Remix.run Logo
m3kw9 3 days ago

Does learning this still matter now?

lazarus01 3 days ago | parent | next [-]

Yes, the current technology cannot replace an engineer.

The easiest way to understand why is by understanding natural language. A natural language like english is very messy and and doesn't follow formal rules. It's also not specific enough to provide instructions to a computer, that's why code was created.

The AI is incredibly dumb when it comes to complex tasks with long range contexts. It needs an engineer that understands how to write and execute code to give it precise instructions or it is useless.
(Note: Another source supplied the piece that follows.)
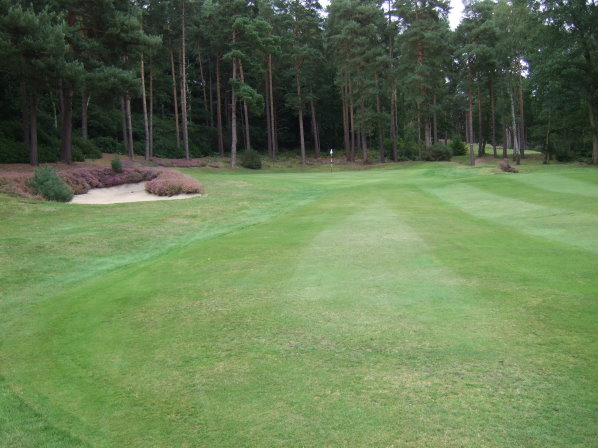 St George's Hill Green #5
Natural Language Processing is so complex, it started around the end of world war two and we are just now seeing innovation in AI where we can mimmick humans, where the AI can do certain things faster than humans. But thinking is not one of them.

CamperBob2 3 days ago | parent [-]

LOL. Figuring out how to solve IMO-level math problems without "thinking" would be even more impressive than thinking itself. Now there's a parrot I'd buy.

lazarus01 3 days ago | parent [-]

It isn't thinking it's RL with reward hacking.

It's like taking a student who wins a gold in IMO math, but can't solve easier math problems, because they did not study those type of problems. Where a human who is good at IMO math generalizes to all math problems.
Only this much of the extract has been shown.